**Required action**
Could you please retype the records exactly, minus their pictures?
____ Input records
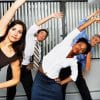 workplace wellness program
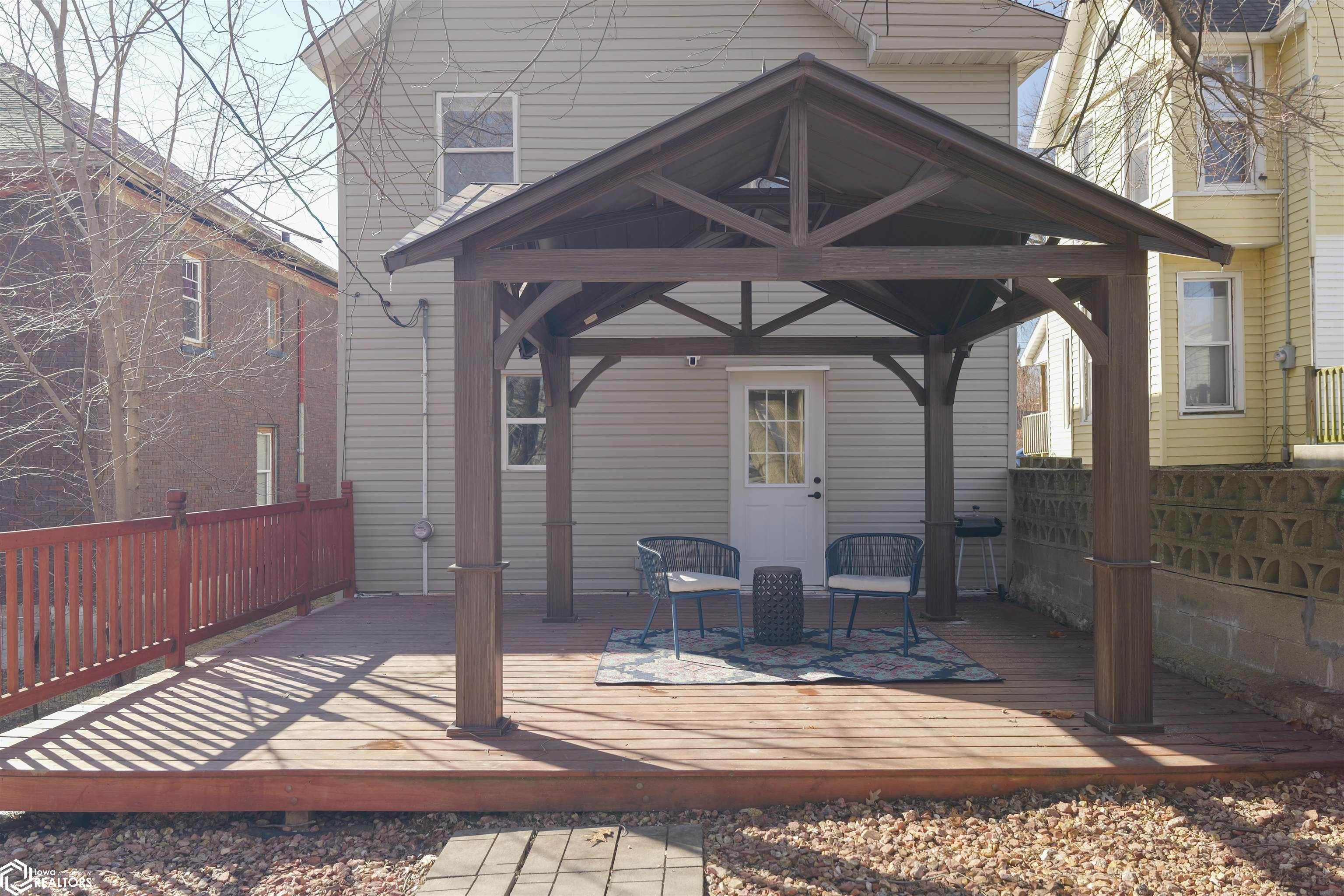 1114 Valley St, Burlington, Iowa image 28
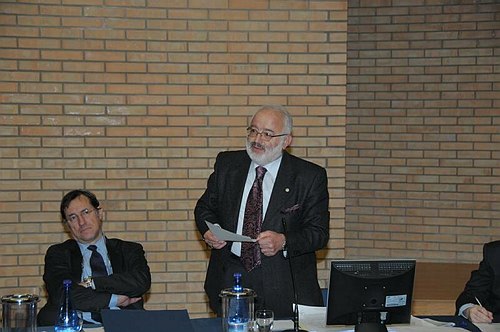 7^ Conferenza di Ateneo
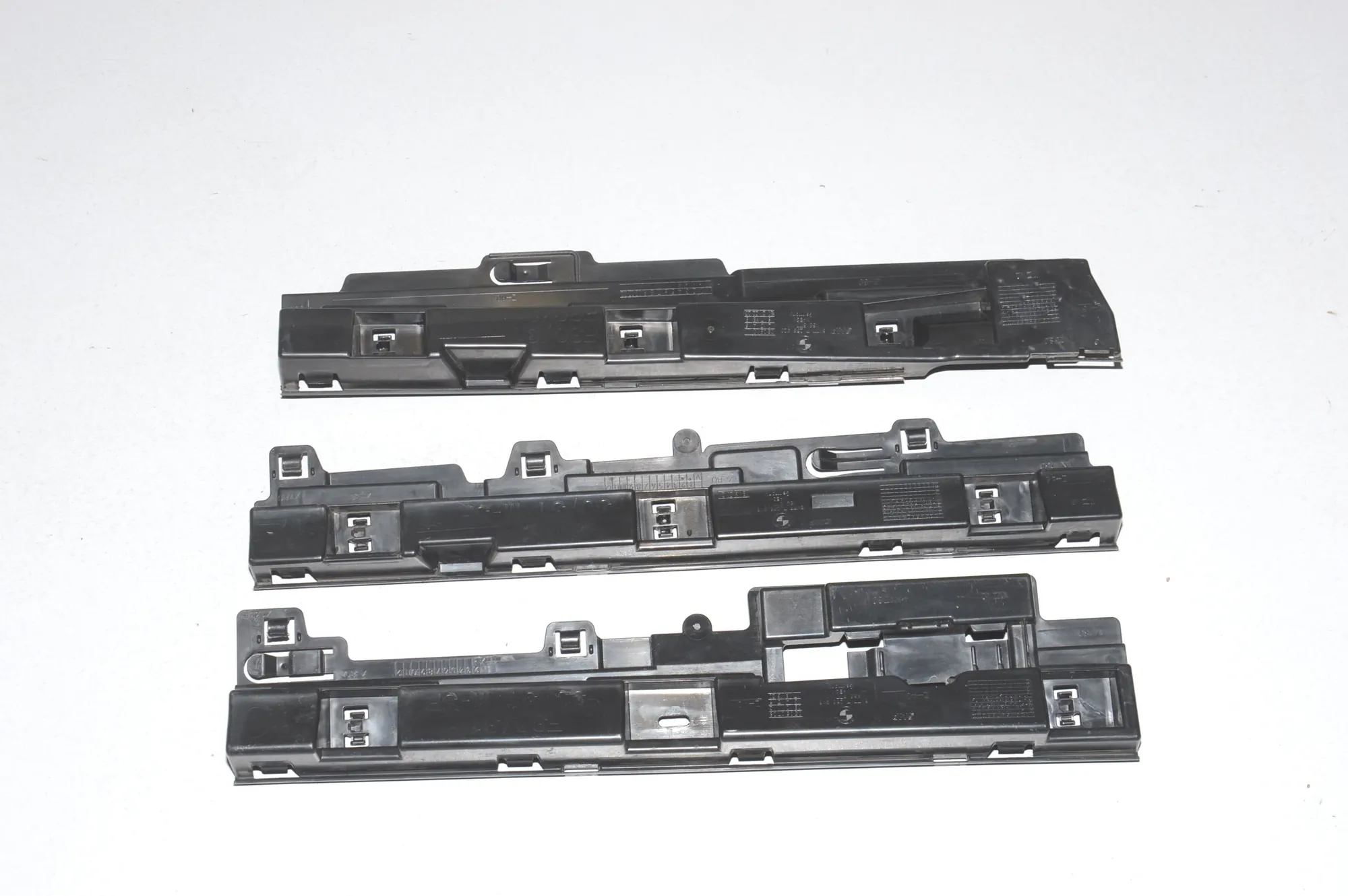 Sideskirt Bracket – OEM 7256916 · BMW 3 (F30, F80) 320 d xDrive 2017 – 3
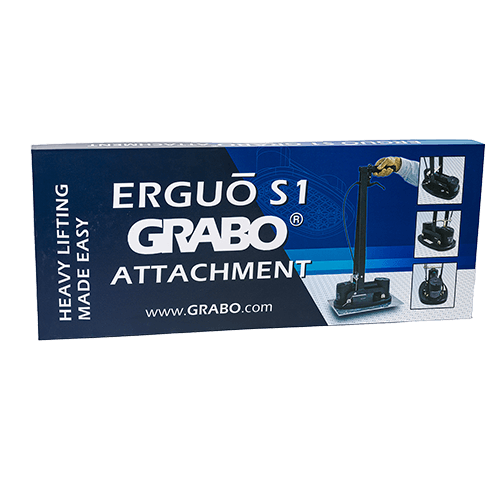 Erguo S1 使用中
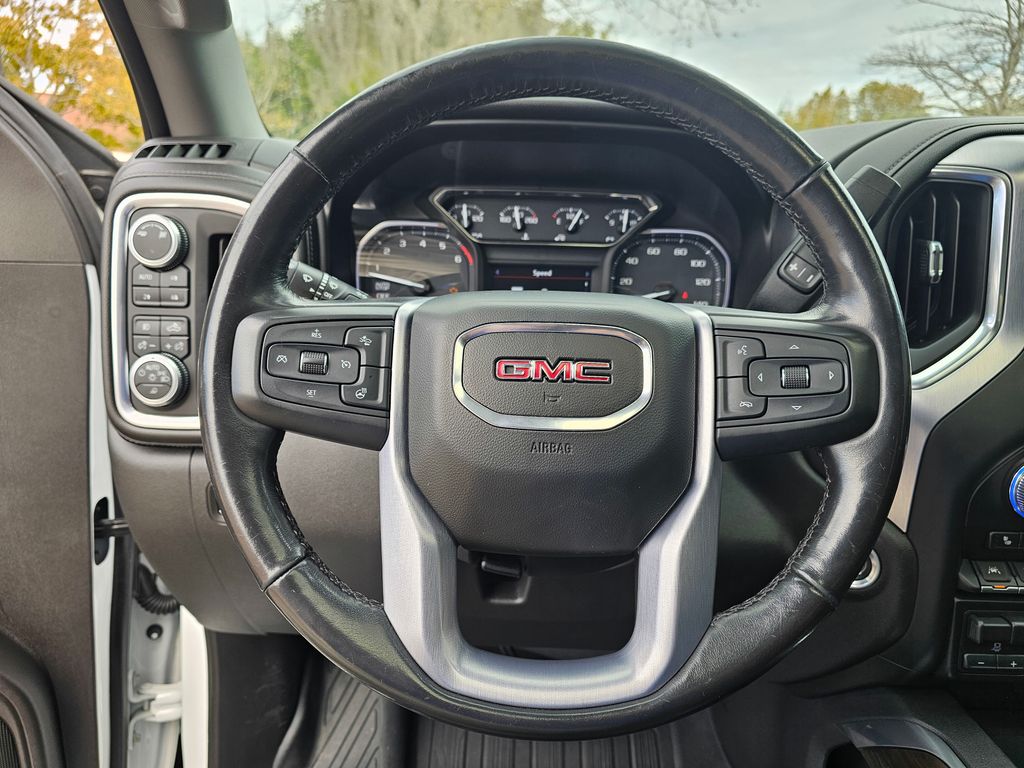 2019 GMC Sierra 1500 SLT 25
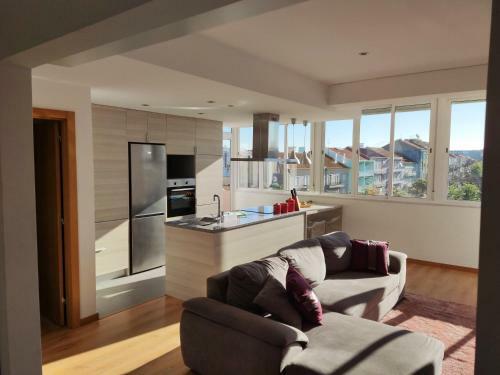 M&h Loft - Apartamento T2 Em Set�bal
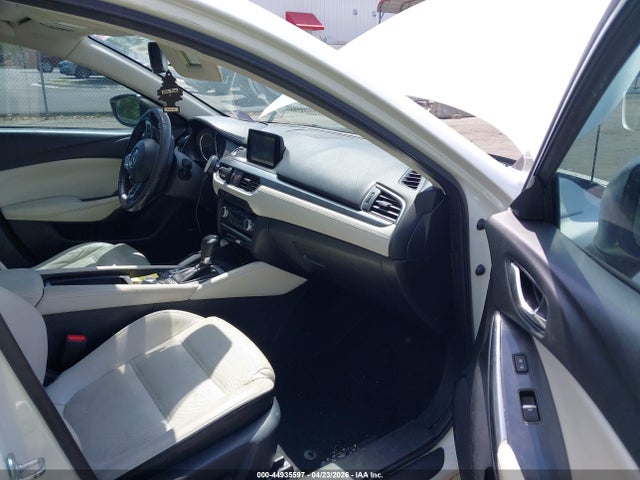 Mazda Mazda6 I Grand Touring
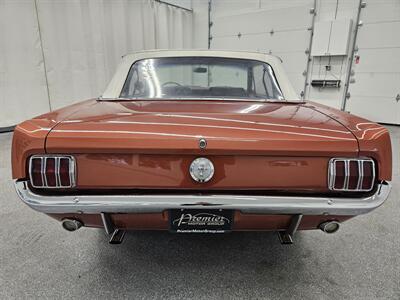 1966 Ford Mustang   - Photo 7 - Spring City, PA 19475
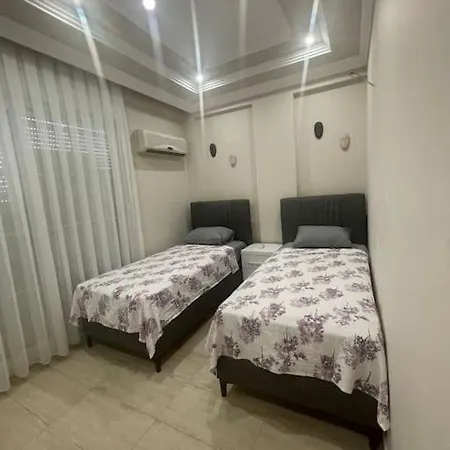 Villa Yesil Cennet Villasi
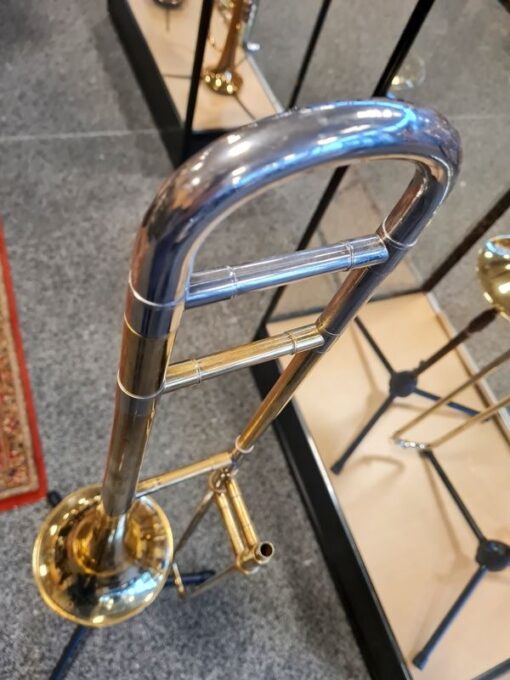 Rudy Mück Trombone 2H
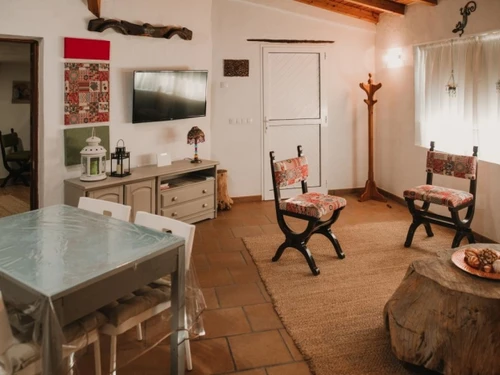 Gite San Bartolomé de Tirajana, 1 bedroom, 3 persons - photo_17292844120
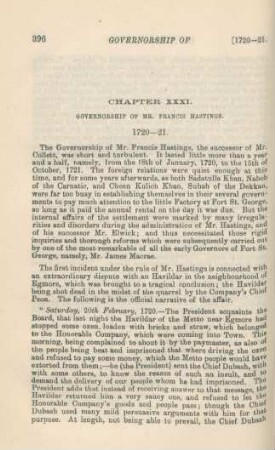 Chapter XXXI.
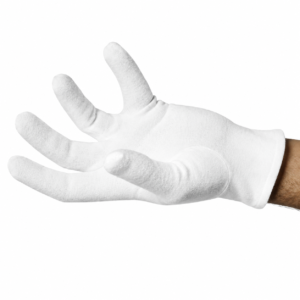 GLOVE, COTTON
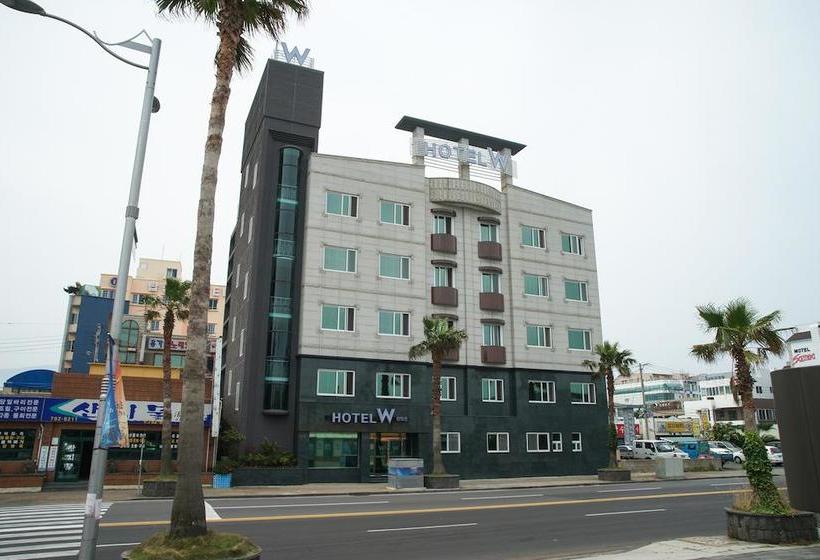 Fotos del hotel W Topdong:  10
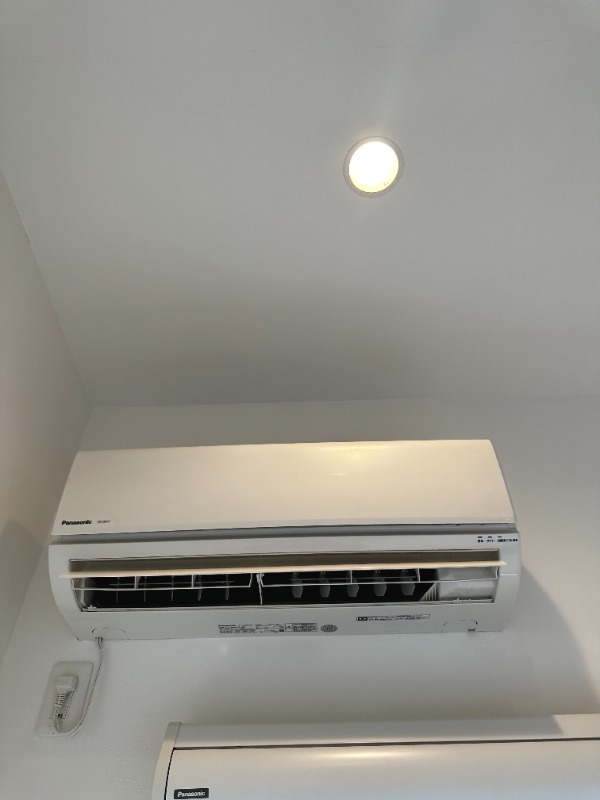 パトリアSMK 部屋設備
________
**Solution to the problem**
 workplace wellness program
 1114 Valley St, Burlington, Iowa image 28
 7^ Conferenza di Ateneo
 Sideskirt Bracket – OEM 7256916 · BMW 3 (F30, F80) 320 d xDrive 2017 – 3
 Erguo S1 使用中
 2019 GMC Sierra 1500 SLT 25
 M&h Loft - Apartamento T2 Em Set�bal
 Mazda Mazda6 I Grand Touring
 1966 Ford Mustang   - Photo 7 - Spring City, PA 19475
 Villa Yesil Cennet Villasi
 Rudy Mück Trombone 2H
 Gite San Bartolomé de Tirajana, 1 bedroom, 3 persons - photo_17292844120
 Chapter XXXI.
 GLOVE, COTTON
 Fotos del hotel W Topdong:  10
 パトリアSMK 部屋設備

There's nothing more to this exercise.